Sirin Fine CoverIn Muslim American Youth: Understanding Hyphenated Identities through Multiple Methods (2008), Selcuk R. Sirin and Michelle Fine document two years of research on what it means to come of age as a Muslim living in the shadow of moral exclusion in post-9/11 America. As indicated by the title, the authors employ a variety of research methods, drawing from both qualitative and quantitative approaches in order to study the effects of living on, at, and in the hyphenated construct of “Muslim American.” Sirin and Fine use the figurative (not literal) hyphen as a metaphor throughout the book to highlight the identity-related tensions that this group of young Americans, who also happen to be Muslims, must reconcile.

Based on their own upbringings and lived experiences in the Muslim (Sirin) and the Jewish (Fine) traditions, and informed by a thorough review of historical precedents and insightful analysis of previous empirical research on the effects of discrimination and prejudice, Sirin and Fine document their study and findings in descriptive and engaging detail. They present a compelling portrait of the many and varied complexities that underlie not only the multiple realities of Muslim American identities, but also the research methodologies required to study, analyze, and understand such diverse realities. They challenge pre-defined research categories and paradigms (e.g., their insistence on self-identifying as methodologists rather than as qualitative or quantitative researchers) as well as conventional thinking (e.g., the “clash of civilizations” frame). The perspectives that guide their “research exploration” (p. 13) are complex, flexible, adaptable to the subject under investigation, and not beholden to any particular textbook-based theoretical approach.

Therefore, while this methodological review of the Sirin and Fine study will follow the general flow of a naturalistic study as defined by Lincoln and Guba (1985), I will attempt to highlight deviations or exceptions to the Lincoln and Guba process as applicable.

Theoretical Paradigms

Using the four theoretical paradigms described by Creswell (2007, Chapter 2 ), this study by Sirin and Fine does not fit discretely into any one paradigm, but manifests perspectives which can be attributed, to some degree, to each of the four.
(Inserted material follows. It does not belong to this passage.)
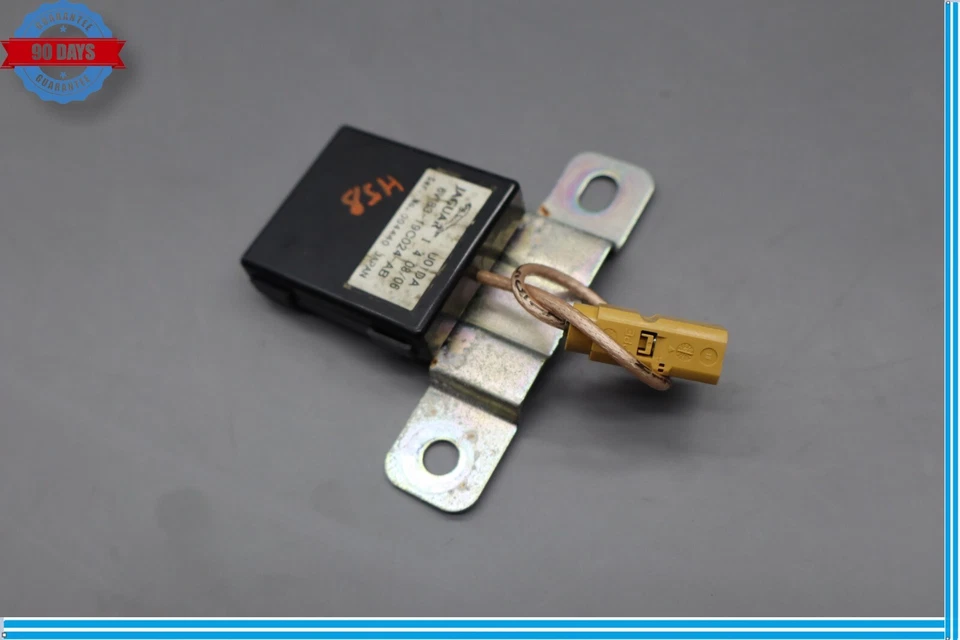 07-15 Unidad Módulo Amplificador Antena Jaguar XK XKR X150 6W8319C024AB Fabricante Original Foto 3 de 4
While the study relies primarily on qualitative methods, certain aspects of Postpositivism are clearly exhibited by Sirin and Fine, including: their rigor and scientific approach in defining and conducting methods and processes, as well as in their documentation of results; their use of previously-validated quantitative instruments, such as assessment tools for measuring perceptions of discrimination and prejudice; their recognition of multiple perspectives; and the use of multiple levels of data analysis.

The Social Constructivism worldview is also clearly reflected in their research methods, as well as the language that Sirin and Fine use in describing their results. While not specifically using the term “multiple realities,” they repeatedly emphasize the importance of context in multiple dimensions — as a group, as individuals, as a gender, as a generation, during a specific period, etc. They struggle with whether to use the label of “Muslim American,” acknowledging that there is no such single, fixed identity as the categorical label implies. Therefore they make concerted and conscientious efforts to qualify the term when used within a specific context. For them, the underlying purpose of this study is to understand and give meaning to the phenomenon of growing up as a Muslim in post-9/11 America. To achieve this, they devote significant effort to giving voice to those living the phenomenon. In doing so, they take care to constrain their findings and qualify their generalizations, recognizing the contextual limits of such generalizations.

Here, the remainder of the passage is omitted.